Output only the stretch of the listing that starts at the line containing "Vintage Jantzen Blue" and ends at the line containing "Dancer's legs and", reproduced exactly with both ends.

> [DATASET CONTENT]
=== Begin Enclosure ===

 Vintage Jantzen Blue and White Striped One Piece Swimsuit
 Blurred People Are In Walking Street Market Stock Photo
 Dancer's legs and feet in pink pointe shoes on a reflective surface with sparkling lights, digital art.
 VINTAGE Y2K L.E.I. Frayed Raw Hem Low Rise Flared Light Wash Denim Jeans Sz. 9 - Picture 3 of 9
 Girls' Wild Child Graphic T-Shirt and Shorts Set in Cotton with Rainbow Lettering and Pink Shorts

=== End Enclosure ===
=== Begin Enclosure ===

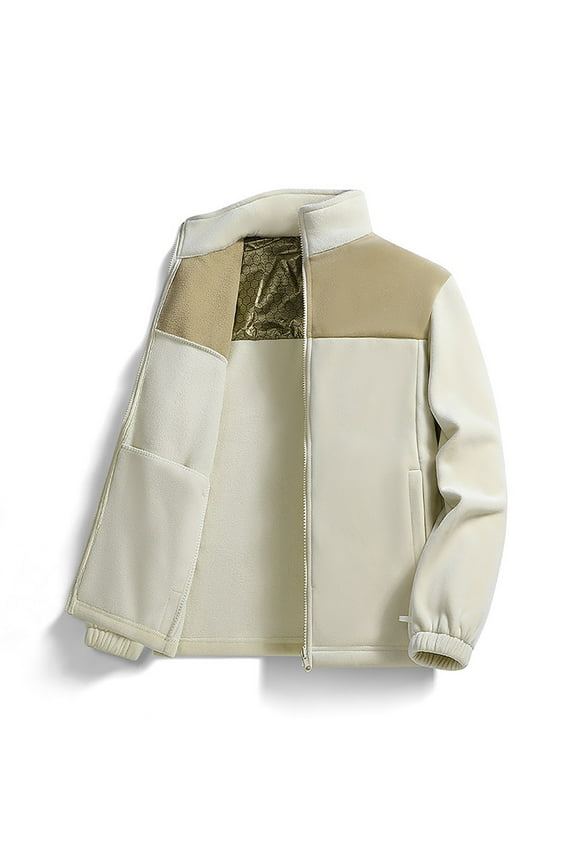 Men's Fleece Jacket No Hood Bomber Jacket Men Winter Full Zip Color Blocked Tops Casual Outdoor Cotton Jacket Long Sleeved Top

=== End Enclosure ===

> [SOLUTION TO THIS PROBLEM]
 Vintage Jantzen Blue and White Striped One Piece Swimsuit
 Blurred People Are In Walking Street Market Stock Photo
 Dancer's legs and feet in pink pointe shoes on a reflective surface with sparkling lights, digital art.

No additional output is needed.